*** The input ***
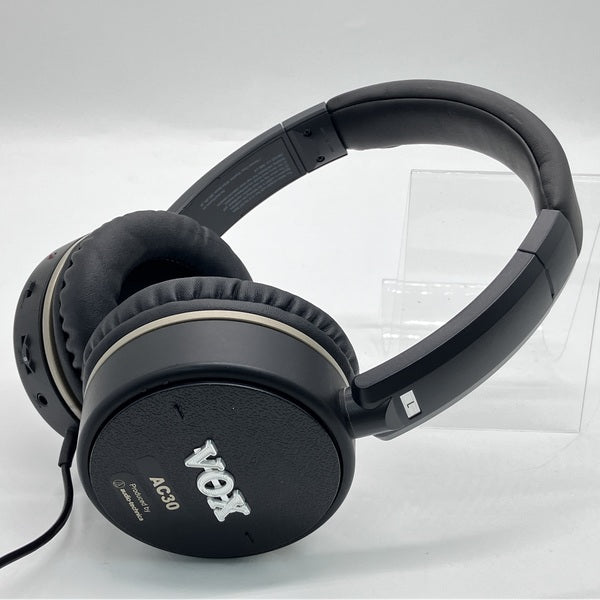 【中古】VGA-AC30【日本橋】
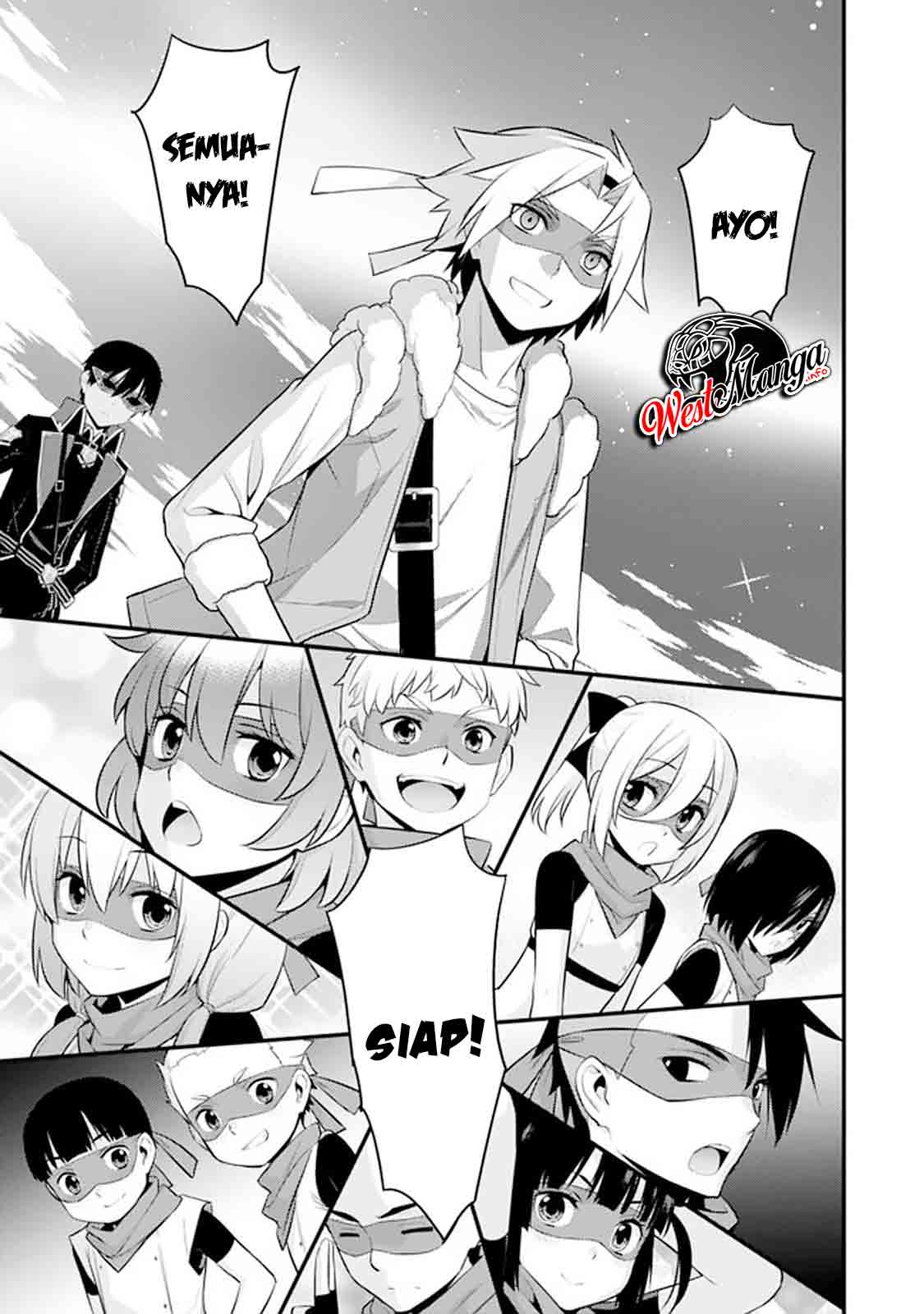Chapter 13 - halaman 8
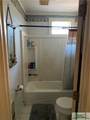 154 Buckhalter Road - Photo 22
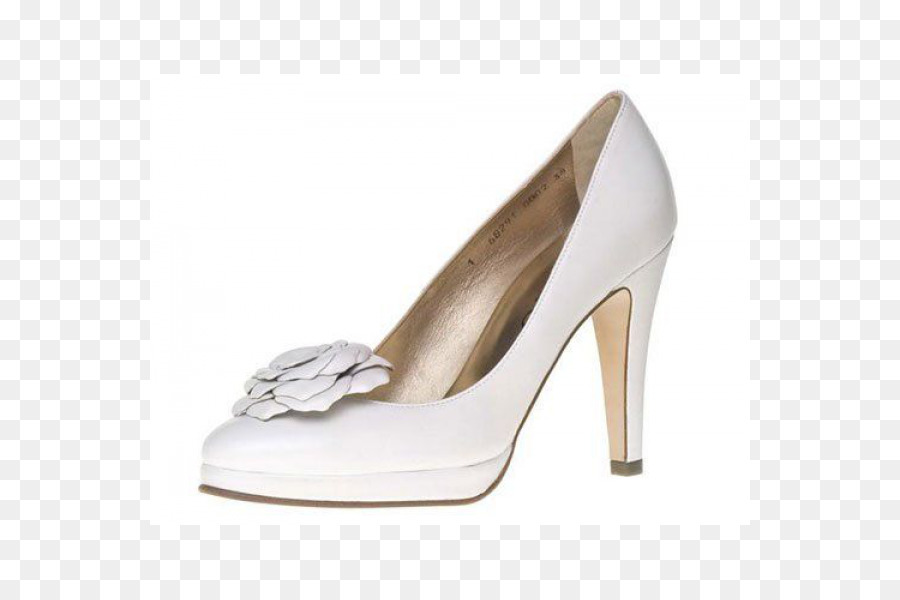 Zapato，Pronovias PNG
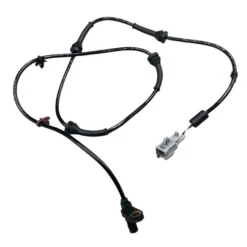 Nıssan Sensör Abs Qashqai 07-13 Arka Sağ/sol - 47900-JD000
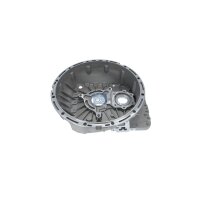 Cover clutch housing DT SPARE PARTS IAM-Expertise...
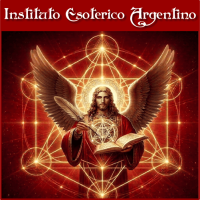 Curso Online de Arcángel Metatron el Escriba Celestial
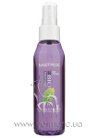 Biolage Hydratherapie Hydra-Seal Softening Mist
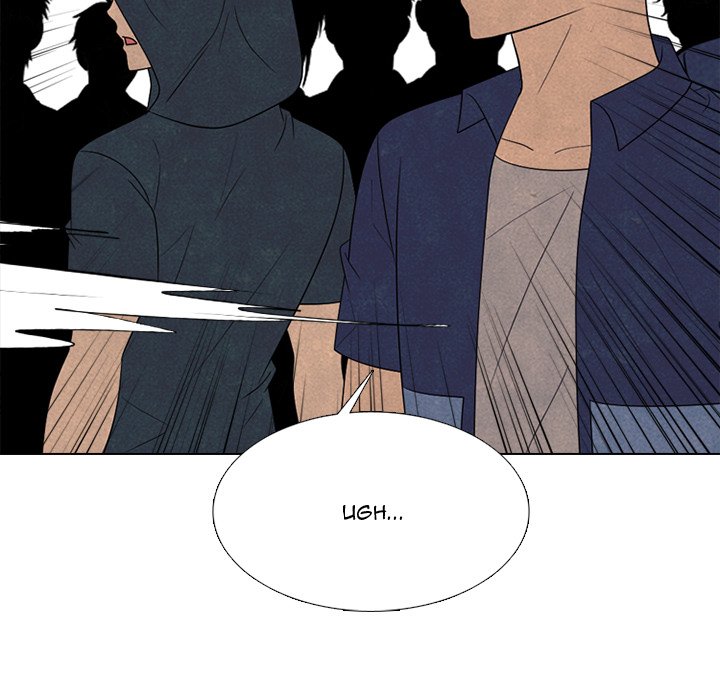 High School Devil Chapter 331 - Page 51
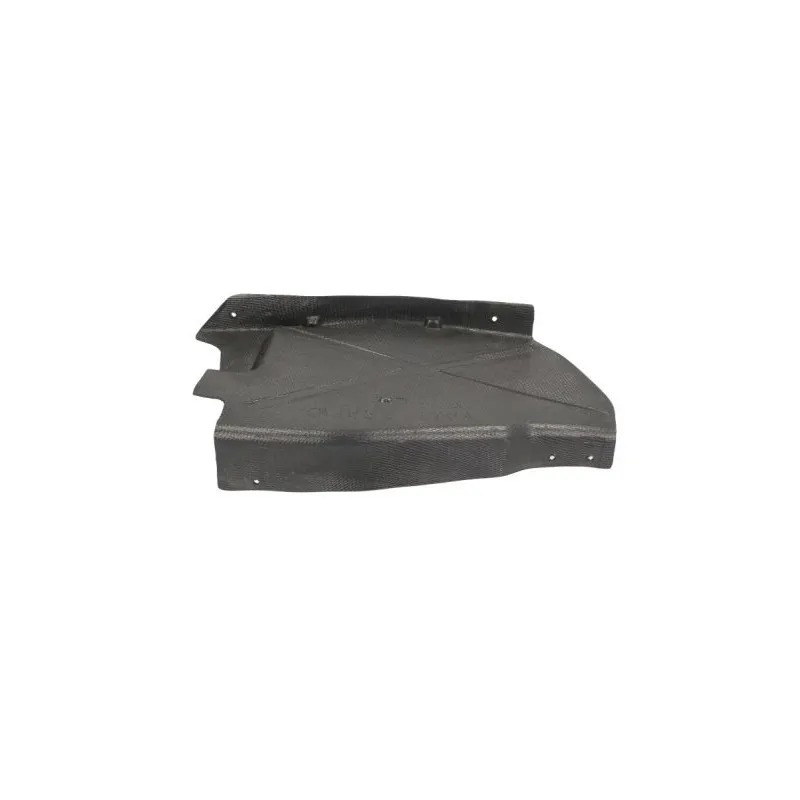 Cache moteur BLIC 6601-02-6062872P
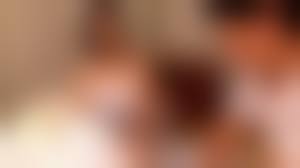 japanese mam sex|Japanese Step-Mom with Dynamite Body Caught Masturbating Leads to Impromptu  Sex Lesson - 無料セックスビデオ - RedTube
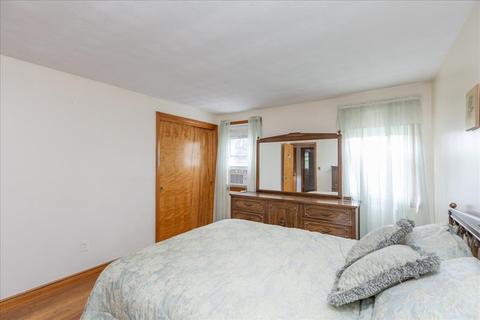 9 Auburn St, Everett, MA 02149 photo 21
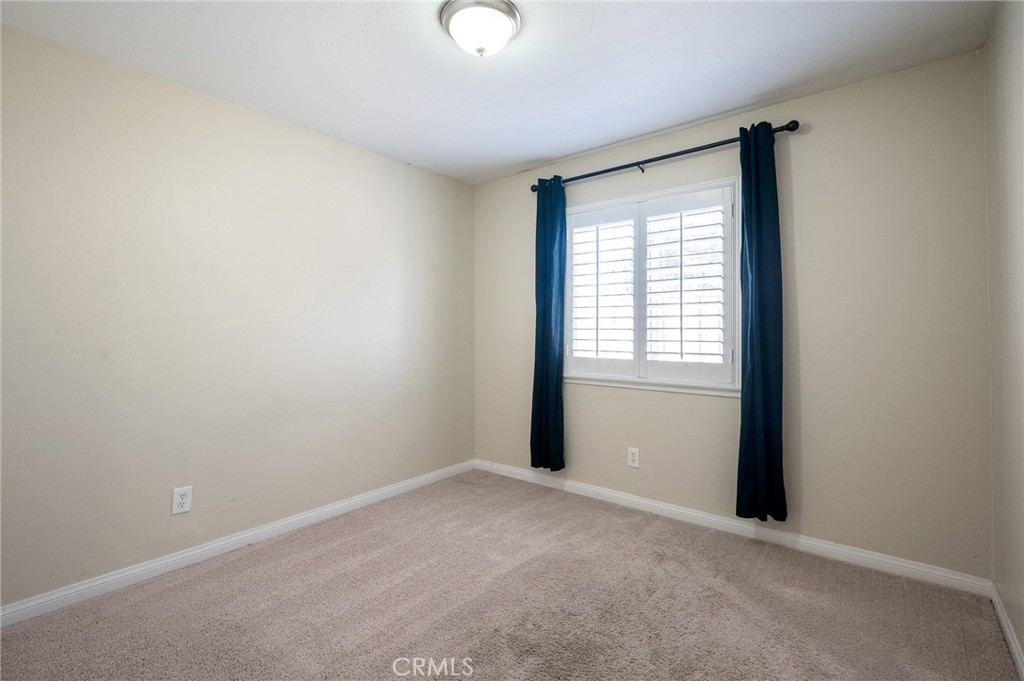 MLS #SB25268184 image #16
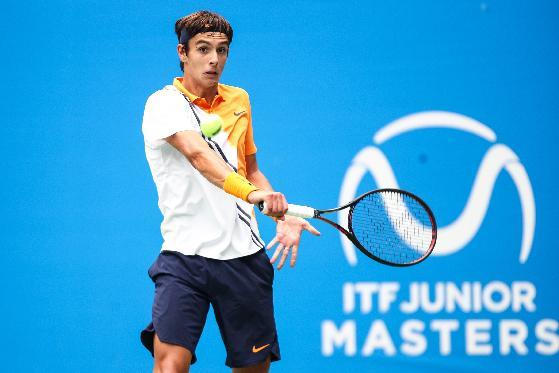 的灵魂作用 的灵魂作用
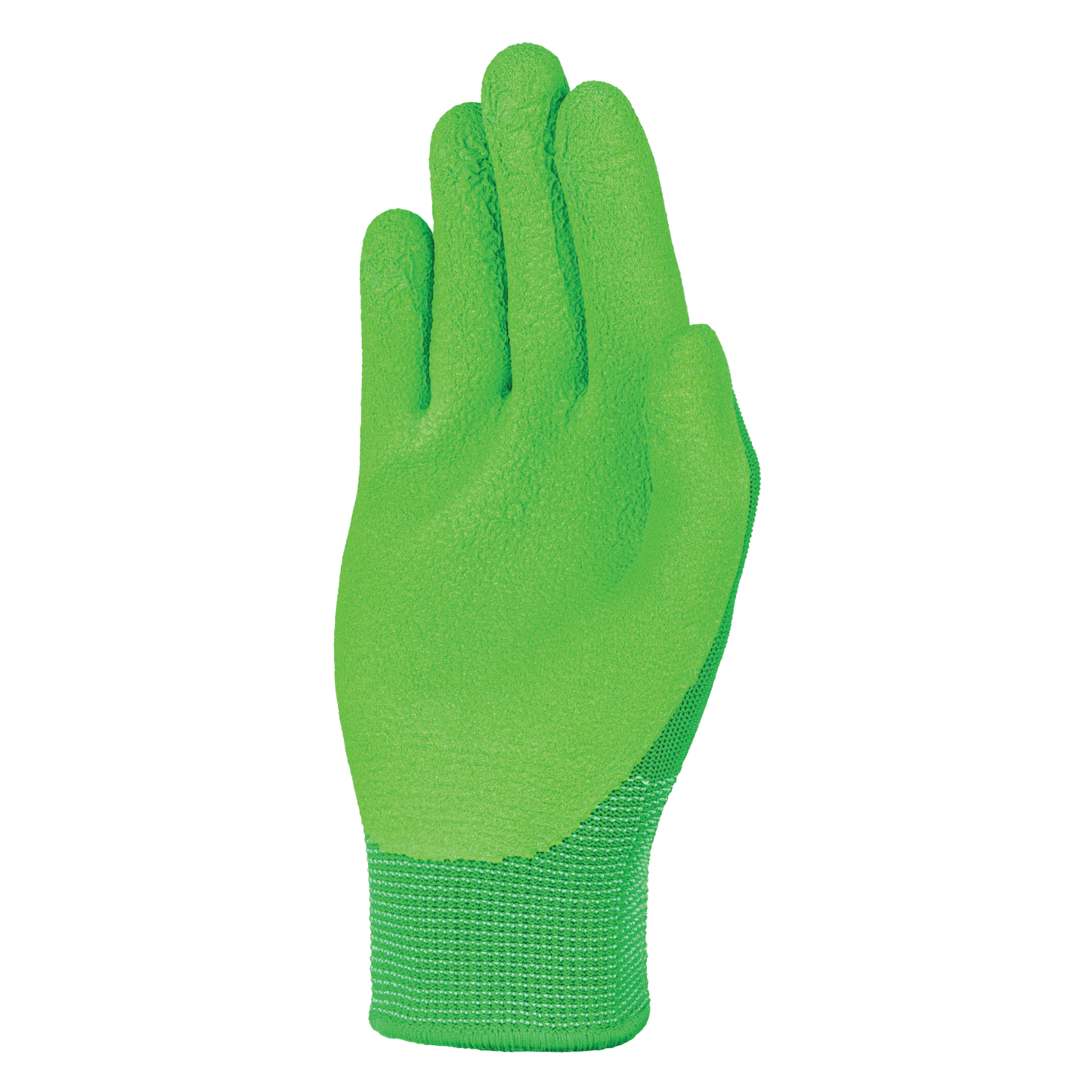 BENCHMARK Buds Children's Gardening Gloves with Safety Grip - Mstore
*** End of The input ***
What you have to do –
The expected result is every record above, word for word, with no pictures in it.

Reply to the exercise –
 【中古】VGA-AC30【日本橋】
Chapter 13 - halaman 8
 154 Buckhalter Road - Photo 22
 Zapato，Pronovias PNG
 Nıssan Sensör Abs Qashqai 07-13 Arka Sağ/sol - 47900-JD000
 Cover clutch housing DT SPARE PARTS IAM-Expertise...
 Curso Online de Arcángel Metatron el Escriba Celestial
 Biolage Hydratherapie Hydra-Seal Softening Mist
 High School Devil Chapter 331 - Page 51
 Cache moteur BLIC 6601-02-6062872P
 japanese mam sex|Japanese Step-Mom with Dynamite Body Caught Masturbating Leads to Impromptu  Sex Lesson - 無料セックスビデオ - RedTube
 9 Auburn St, Everett, MA 02149 photo 21
 MLS #SB25268184 image #16
 的灵魂作用 的灵魂作用
 BENCHMARK Buds Children's Gardening Gloves with Safety Grip - Mstore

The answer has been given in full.